===== Dataset entries =====

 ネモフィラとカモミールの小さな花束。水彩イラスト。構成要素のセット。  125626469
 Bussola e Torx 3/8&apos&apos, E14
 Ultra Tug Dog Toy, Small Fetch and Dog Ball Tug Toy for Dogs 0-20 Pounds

=====
===== Dataset entries =====

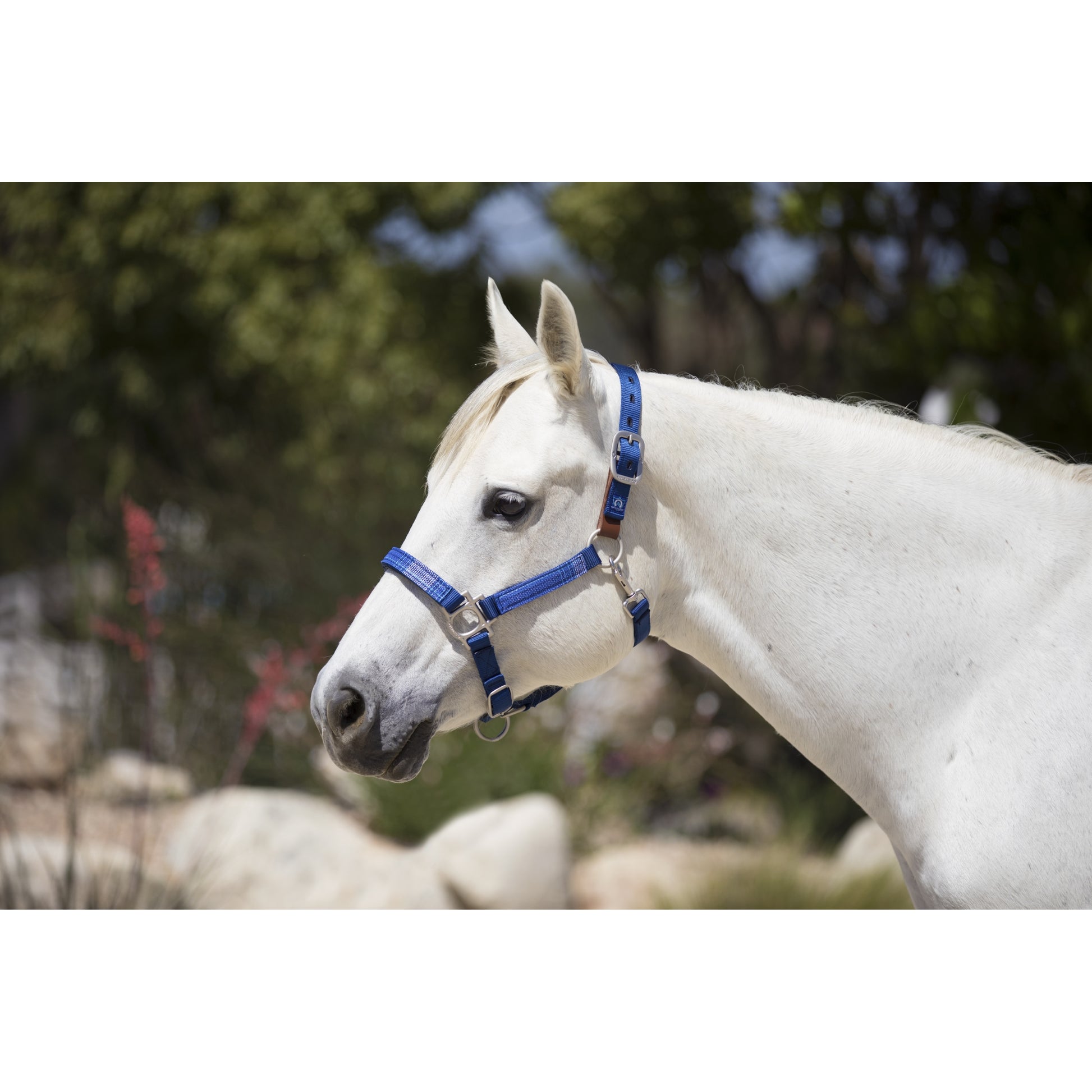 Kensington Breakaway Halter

=====

Problem description: Going back over the entries above, copy word for word every line from the one that has "Bussola e Torx 3/8&apos&apos, E14" on through the one that has "Ultra Tug Dog".

Task result:
 Bussola e Torx 3/8&apos&apos, E14
 Ultra Tug Dog Toy, Small Fetch and Dog Ball Tug Toy for Dogs 0-20 Pounds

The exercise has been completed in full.